Sepanjang semester dua hingga semester tiga berakhir, cincin bermata hijau itu setia terpasang di jari tangan saya. Seingat saya, selama saat-saat itu, tak ada perhatian lebih yang orang-orang beri ketika melihat cincin itu melingkar di jari tangan saya. Mereka hanya melihat sekilas pabila tangan saya terangkat atau tanpa sengaja mata mereka bersitatap dengannya. Tak ada komentar lebih, tak ada pujian. Cincin bermata hijau itu tak bermakna apa-apa bagi orang-orang yang pernah melihatnya.

Hingga di akhir tahun 2014 sampai memasuki awal tahun 2015, batu-batu akik tiba-tiba mempunyai nilai berharga di mata masyarakat Indonesia.

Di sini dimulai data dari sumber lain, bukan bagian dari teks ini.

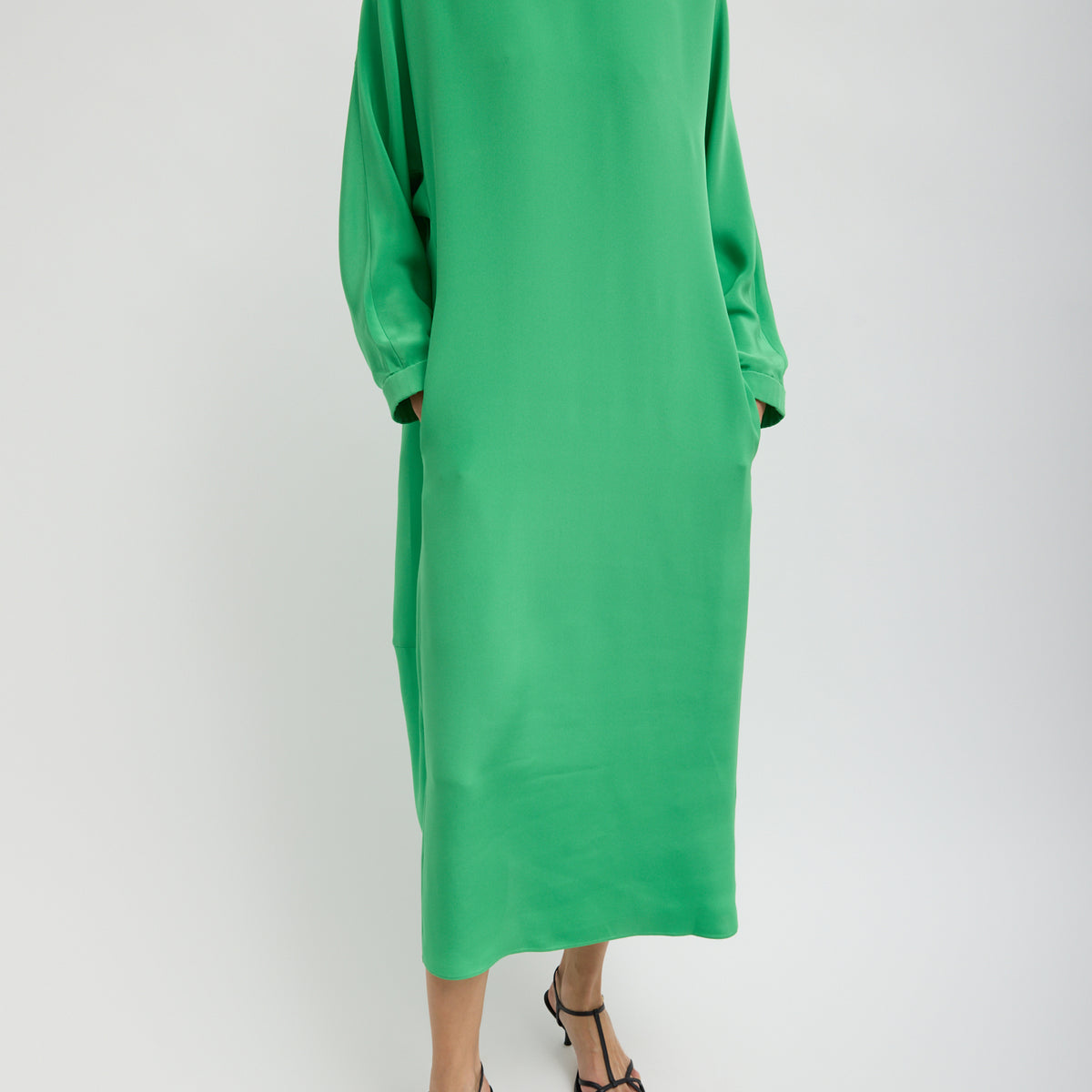 prom dresses long sleeve off the shoulder Modern Long Dark Green Mermaid Off-the-shoulder Lace Evening Prom Dresses With Long Sleeves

Mungkin saja sudah jauh-jauh hari batu-batu akik menyinarkan pesonanya, namun baru terasa oleh saya berita perihal menuju puncaknya (emang AFI? Hihi) akhir-akhir kemarin. Di tengah maraknya perbincangan mengenai batu akik dan jenis-jenisnya, cincin bermata hijau di jari tangan saya juga mendadak naik daun di mata orang-orang yang pernah berinteraksi dengan saya.

Semasa berjaya itulah, beberapa kali dalam seminggu, saya pasti akan mendengar pujian untuk cincin di jari tangan saya.

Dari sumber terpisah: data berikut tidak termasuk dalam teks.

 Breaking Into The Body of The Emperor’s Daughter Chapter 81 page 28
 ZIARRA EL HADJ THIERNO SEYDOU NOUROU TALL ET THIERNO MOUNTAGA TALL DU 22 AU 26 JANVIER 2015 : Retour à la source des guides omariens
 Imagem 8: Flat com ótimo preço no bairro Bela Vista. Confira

“Aiii… cincinnya cantik bangeeet! Beli di mana? Mau dooonggg?” kata seorang teman yang padahal sebelumnya (mungkin) sudah sering melihatnya, karena saya dan dia berada di kelas yang sama selama semester 2 dan 3.

“Wow! Batu apa itu di cincinnya? Hijaunya bagus sekali? Batu Bacan kah? Sukaaa…”

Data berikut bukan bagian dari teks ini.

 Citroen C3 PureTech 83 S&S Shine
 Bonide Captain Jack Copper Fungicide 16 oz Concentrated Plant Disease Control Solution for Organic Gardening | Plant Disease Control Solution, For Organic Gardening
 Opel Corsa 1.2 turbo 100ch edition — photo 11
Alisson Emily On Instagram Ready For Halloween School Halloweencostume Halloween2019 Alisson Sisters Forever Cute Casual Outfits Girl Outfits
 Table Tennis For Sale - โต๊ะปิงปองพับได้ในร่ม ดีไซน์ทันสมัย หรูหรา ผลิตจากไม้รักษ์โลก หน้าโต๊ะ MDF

“Di cincinnya itu Batu Bacan? Cantiknyaa.”

Serta pertanyaan-pertanyaan dan komentar-komentar memuji lainnya.

Saya hanya mengangkat bahu menjawab pertanyaan ini. Saya sungguh tak tahu menahu jenis batu apa di hijau mata cincin saya itu. Lagipula, saya tak punya sedikitpun ketertarikan pada batu-batu semacam itu. Saya tidak ambil peduli dengan jenis batu akik apa yang melingkari jari tangan saya. Entah batu bacan, batu giok, dan batu-batu lainnya. Saya membeli cincin bermata hijau yang terlihat seperti jenis batu-batu ternama itu jauuuh sebelum batu-batu akik menempati hati beberapa kelompok masyarakat. Oleh karenanya, saya hanya menganggapnya cincin biasa saja.

Meskipun begitu, binar di mata Mamang Penjual Bubur Ayam waktu melihat cincin bermata hijau itu menyadarkan saya perihal betapa berharganya nilainya saat ini.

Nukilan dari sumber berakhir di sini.